Neither the national Ministry of Education nor the Federal Observatory of Comprehensive Sex Education, which is responsible for ensuring ESI is implemented, responded to requests for comment.
Volunteer ESI: the answer to an absence of funding
In response to a lack of government funds to implement ESI, volunteer work has become fundamental. Mónica Fernández Blanco, a licensed nurse, is a professor and ESI mentor teacher at Instituto de Formación Técnica Superior Cecilia Grierson, a nursing school in Buenos Aires. Funding never arrives here, she says.
She and a colleague proposed having mentor teachers and sex education classes at the school after one of their students died during a clandestine abortion. The project began in 2015.
Fernández gets paid for 25 hours of work per week at the school. She spends an additional 10 hours per week, without pay, preparing training sessions and materials while also supporting students who face violence or want to voluntarily terminate a pregnancy.
“They have never paid us, nor has there ever been a plan in place to pay us.
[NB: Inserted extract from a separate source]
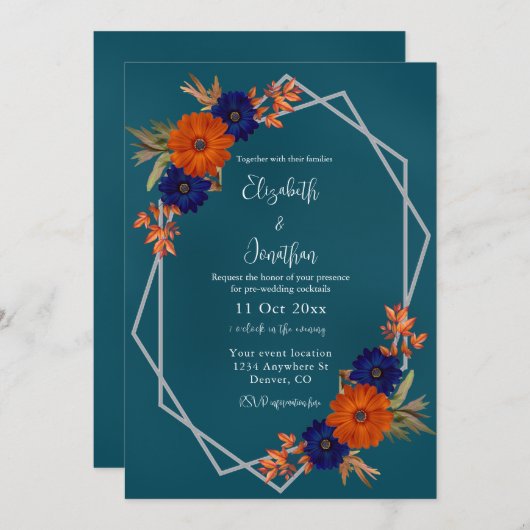 Invitation Rustique Automne Orange Navy Blue Mariage Cocktail (Devant / Derrière)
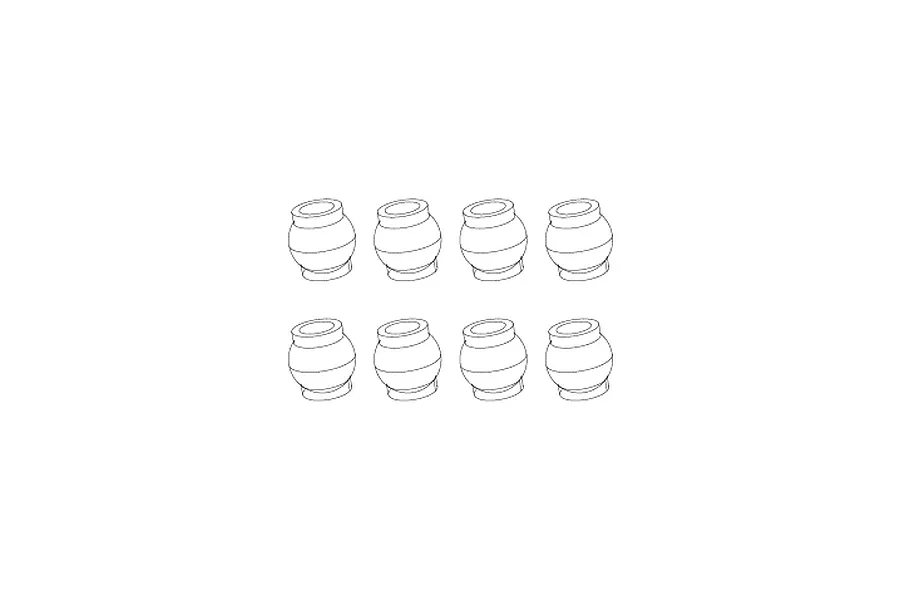 A line drawing illustration showing eight identical RC pivot balls arranged in two rows of four against a white background.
We’re doing it out of conviction,” Fernández says, lamenting that the government is not proactive in its compliance monitoring for the program.
At other educational centers, like Escuela de Cerámica No. 1, students themselves take on the responsibilities that ESI mentor teachers would normally shoulder.
Without ESI, “we’re the ones who suffer the consequences,” says Paola Romero Pastor, 18, who is president of the school’s student center and a member of Mesa Federal de Centros de Estudiantes Secundarios, a nationwide organization that represents secondary students when conflicts arise with educational institutions and other entities.
Romero says the school has reduced ESI instruction to one or two sessions a year, in which they show how to use a condom and what to do if it gets punctured.
“They only explain how people should be cared for in a heterosexual couple or relationship. Then you have to make do on your own, search online or learn from a video at home,” she says. “It’s truly unsound.”
That’s why the student center has organized talks with specialists and thematic games to expand the student body’s education. They have also launched a gender counseling program to train students on how to advise and support their partners.
Often, very young students come to the program afraid because they menstruated for the first time. When they arrive, Romero says, fellow students put them at ease and teach them how to use menstrual hygiene products.
Romero also shares information about gender counseling with student centers throughout the country, so they can replicate the project in the absence of ESI mentor teachers.
“You have a sense that the work is your own,” she says, “that the burden is on you to convey things to the kids that are extremely necessary for them to know, but that they weren’t taught.”
Lucila Pellettieri is a Global Press Journal reporter based in Buenos Aires, Argentina.
TRANSLATION NOTE
Shannon Kirby, GPJ, translated this story from Spanish.